**TASK DIRECTIONS:** From the line that contains "KIFC1 Rabbit mAb ABZ4847" down to the last line of the listing below, reproduce each line exactly but not the pictures.
== INPUT DATA
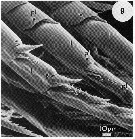 Espce Temora longicornis - Planche 8 de figures morphologiques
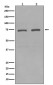 KIFC1 Rabbit mAb ABZ4847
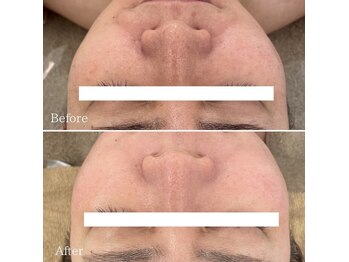 ミエル 神戸店(Miel)/ハーブトリートメント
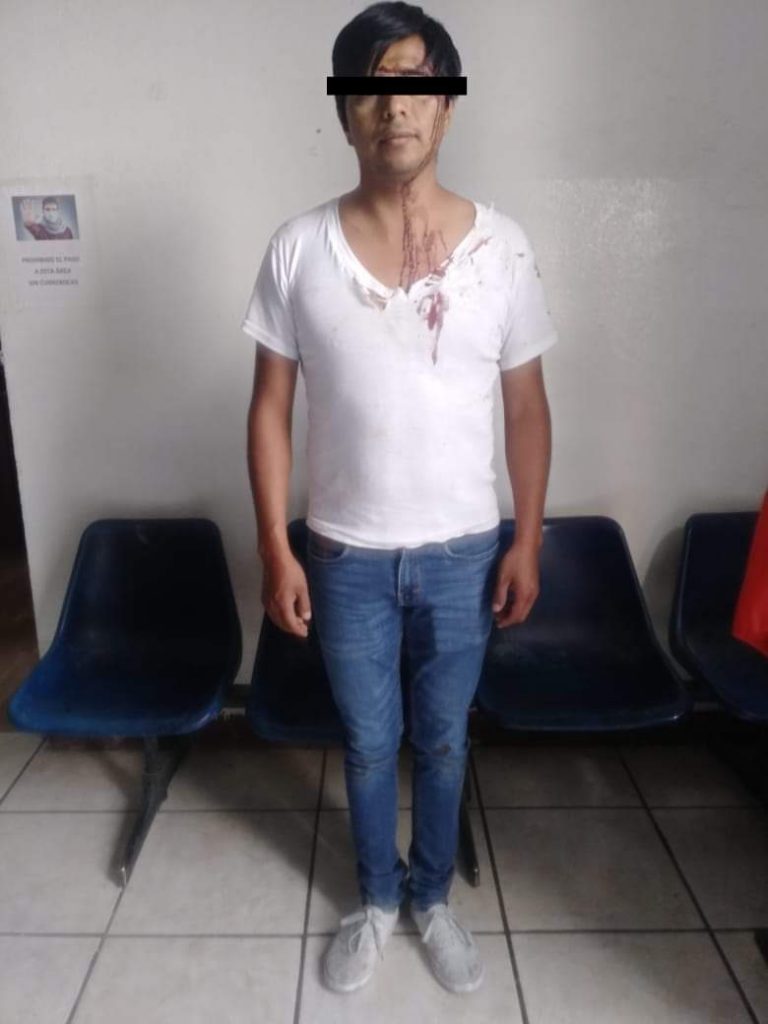 Pelea de exnovios se convirtió en reyerta entre familias de Texmelucan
====
**PROBLEM SOLUTION:**
 KIFC1 Rabbit mAb ABZ4847
 ミエル 神戸店(Miel)/ハーブトリートメント
 Pelea de exnovios se convirtió en reyerta entre familias de Texmelucan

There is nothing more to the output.